This study aims to establish a procedure for obtaining an in situ-adherent, homogeneous, high-surface-area Pt black electrodeposit for catalytic applications without using lead salts. The deposition process is conducted on a commercial brass substrate (60% Cu, 40% Zn) from a Pt solution in 10% hydrochloric acid (HCl) at a concentration of 1000 ppm (parts per million), corresponding to a total Pt ion concentration of 5.14 mM and a total Cl ion concentration of 3.14 M. This approach enables the direct use of modified electrodes without requiring additional fabrication steps or reagents, such as the epoxy resins necessary for solid-state graphite electrodes. It is important to note that the imposed energetic conditions (potential and/or current density) at the electrolyte–surface interface are case-specific and are determined in this study.

2. Experimental Conditions

2.1. Thermodynamic Study Design

A Pourbaix diagram was constructed using MEDUSA© software 32-bit vers. (accessed on 16 December 2010) (Making Equilibrium Diagrams Using Simple Algorithms) under pH conditions ranging from 0 to 14, and a potential range from −3 V to 3 V. The potentials were referenced against the standard hydrogen electrode (SHE) and correspond to thermodynamic data reported at 25 °C.

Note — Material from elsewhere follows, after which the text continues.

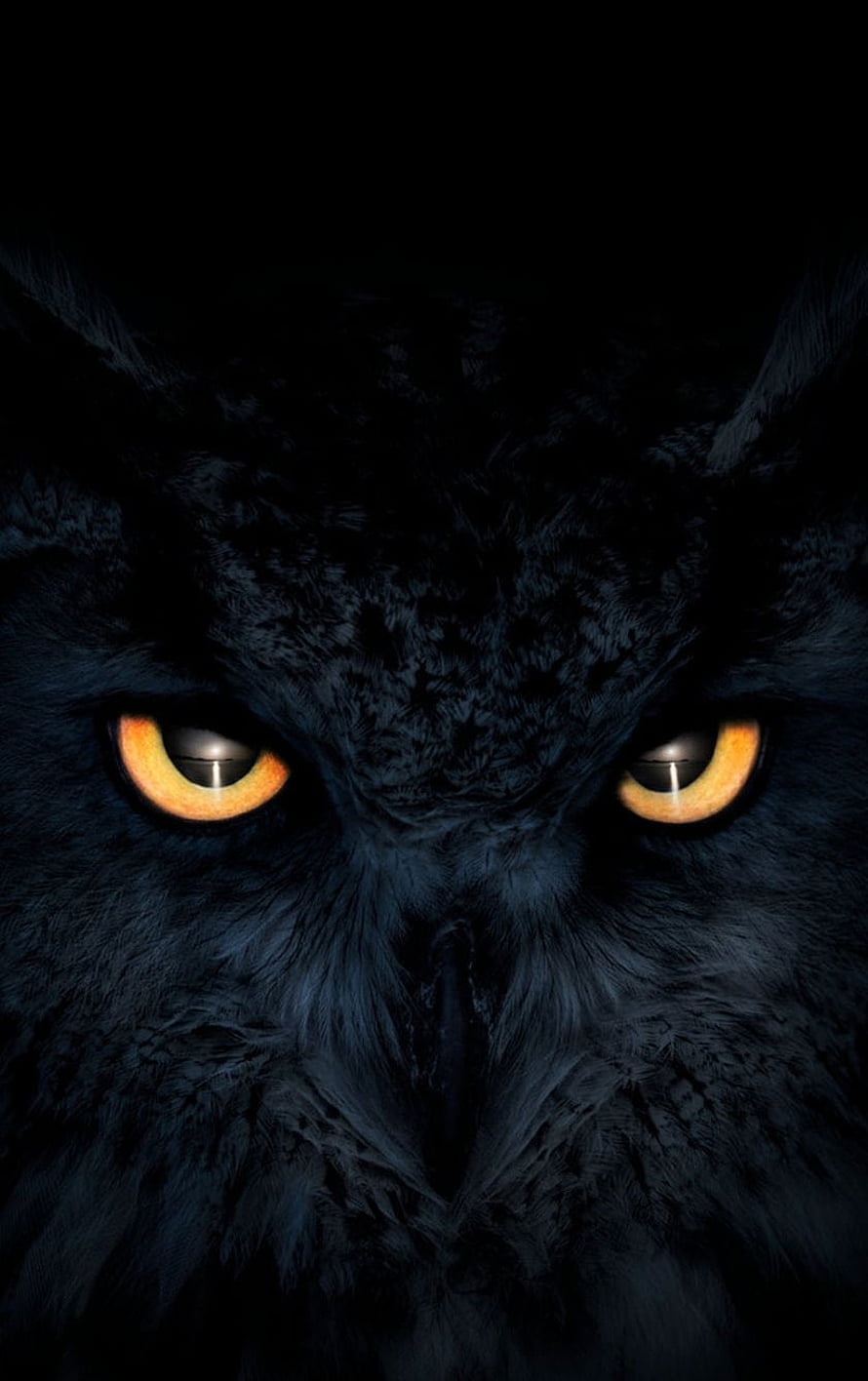 Close-up of a black owl with intense glowing amber eyes in deep shadow HD phone wallpaper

2.2. Electrode and Electrolyte Preparation

Surface treatment was performed on 1 cm² brass plates with a thickness of 1 mm, initially polished on a bench polisher using a cloth wheel at 3000 rpm. The plates were subsequently ultrasonically cleaned in acetone for 3 min, rinsed with deionized water for 5 min, followed by isopropyl alcohol cleaning, and finally dried with hot air. Electrochemical polishing was then performed in an 80% phosphoric acid solution, applying a potential of 1.2 V for 3 min, after the brass plates was subjected to ultrasonic cleaning in acetone for 3 min and rinsed with deionized water for 5 min before being cleaned with isopropyl alcohol and dried with hot air.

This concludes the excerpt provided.